Clinic: Shenandoah Community Health Center
Martinsburg, West Virginia
Tel. (304) 596-2610
Email rjacobs@svms.net
SCH staff members interviewed:
Randall Jacobs, Director of Administration
David Fant, MHA - President/CEO
Dawn Jones, MD - Associate Medical Director
Lori Goforth, CNM - EHR Project Manager
David Stuller - Director of IT
The Shenandoah Community Health Center (SCHC) is a federally qualified health center that serves about 30,000 patients and averages 129,000 visits per year. It is also a Level 1 NCQA Certified Medical Home and Joint Commission Accredited. SCHC delivers care through internal medicine, family practice, pediatrics, obstetrics, gynecology and midwifery services.

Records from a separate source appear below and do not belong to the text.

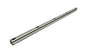 Rocker Shaft For Chrysler 383-440 Shaft Rocker Kit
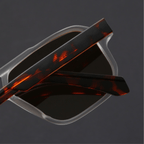 Victor Aviator Sunglasses - Greyson Vale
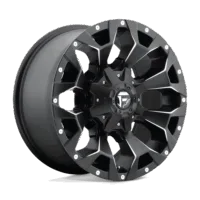 ASSAULT-D546-18x9-5-6Lug-BLK-A1.png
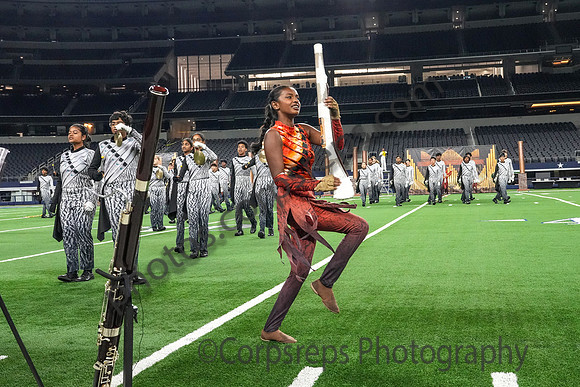 Coppell_241106_AT&T-00193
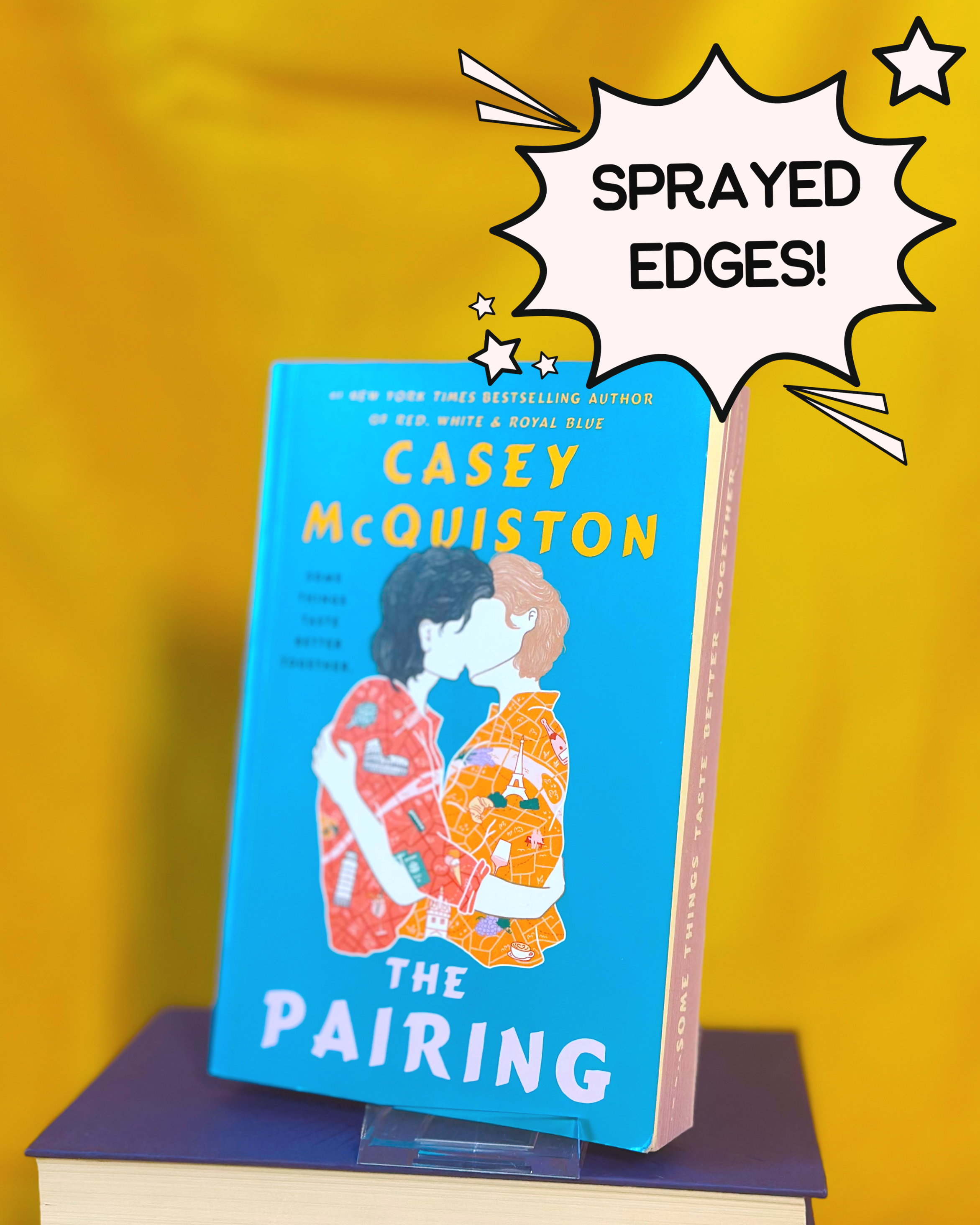 signed+edition%21+%281%29.png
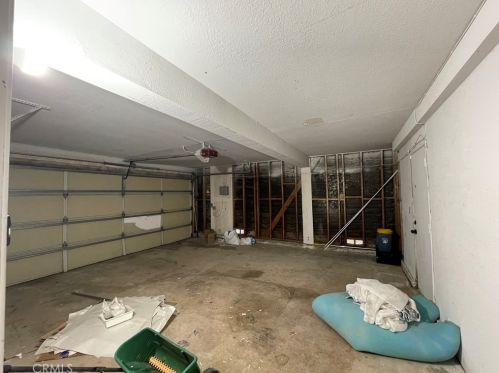 35455 Frederick St, Wildomar CA  92595-9686 exterior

They first adopted their electronic health record (EHR) system, NextGen, in 2005. They are currently using NextMD, version 5.5.27, and at the time of this case study they were in the process of upgrading to version 5.6.
Prior to implementing their EHR, the same patient at SCHC could have up to five separate medical records, one for behavioral health services, one from internal medicine, one from obstetrics/gynecology, and others. SCHC established an EHR development team that looked at options for several years. The team selected the NextGen EHR system because it allowed for central documentation, and can capture practice management and clinical medical record information for the same patient in one place. NextGen also has a lot of different templates that SCHC staff can choose from and customize to their needs. They found that other vendors' EHR systems were too "cut and paste."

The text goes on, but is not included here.